To me those are absolutely fucking way out there batshit crazy ideas but they passed with almost no remark. Am I going mad or am I in the upisde-down or what?
 

Leo

Well-known member
The pandemic has been a health test for countries, in every sense. We've done badly because the country is generally weak: top-heavy with the elderly (like Italy), a high proportion of people who don't take care of themselves (eg. Boris), dysfunctional health system, corrupt elites, too much money swilling around doing nothing of value but lending itself to this corruption, disastrous media stuffed with intellectual mediocrities and beholden to the government, sluggish and poor decision-making, credulous and supine public.

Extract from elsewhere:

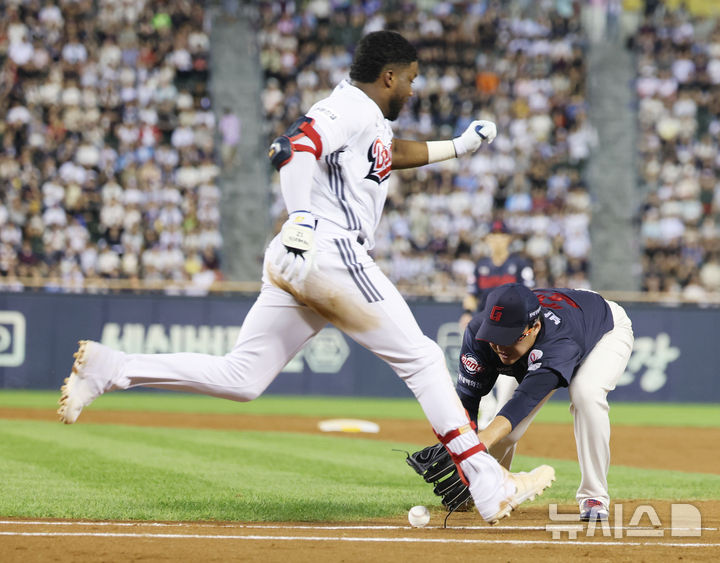 [서울=뉴시스] 박주성 기자 = 23일 오후 서울 송파구 잠실야구장에서 열린 2026 신한 SOL KBO리그 롯데 자이언츠 대 두산 베어스의 경기, 3회말 투아웃 주자 2루에서 두산 세베리노가 친 투수 땅볼을 롯데 투수 박세웅이 태그를 하지 못하고 있다. 2026.08.23. park7691@newsis.com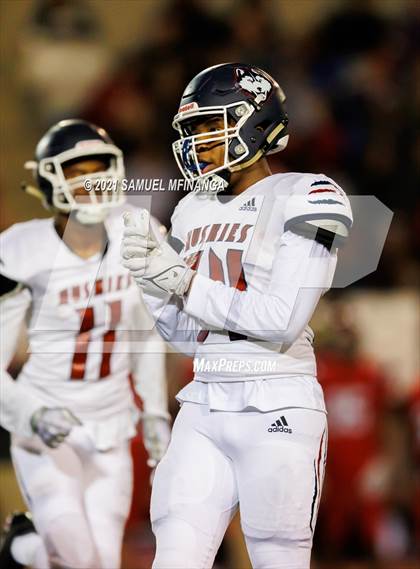 Thumbnail 3 in Omaha Northwest @ Lincoln High photogallery.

I hate to say it but this is the way of the world. this is mankind, for the most part. we can hold up the ideal, push for the right thing to do, but there are few ideal societies. call me a cynic but regardless of how much scientific data you crunch, I doubt the US or UK will get any better at this.
 

IdleRich

IdleRich
According to the Johns Hopkins University tracker, which relies on official government data, the US has recorded a startling 77,300 new coronavirus cases in 24 hours.
This is the highest one-day total for the pandemic so far. The US has consistently broken one-day records in recent days, but this is by a fairly wide margin.
10 July marked the last global record increase, with 67,800 new cases in the US.
And meanwhile Trump is selling magic beans from the Resolute Desk... it's twat and the mushroom stalk.
 

Mr. Tea

Let's Talk About Ceps
b) The government is lying about how serious the virus is and how many people have died through their incompetence. They are greatly OVERSTATING those numbers cos they don't want anyone to spot the truth, which is that lockdown was not necessary and they are so afraid of being sued for lost earnings they would rather dishonestly accept the blame for thousands of deaths.
Lewis has been banging this drum on Twitter and FB for months. His position is that the government wants us all to panic unnecessarily, wants us to think they've done a far worse job of keeping us safe than they have, and that the lockdown - which has cost many billions of pounds to businesses from small independent shops to major airlines - is being forced on us, on the false pretence of the pandemic, because of capitalism... somehow.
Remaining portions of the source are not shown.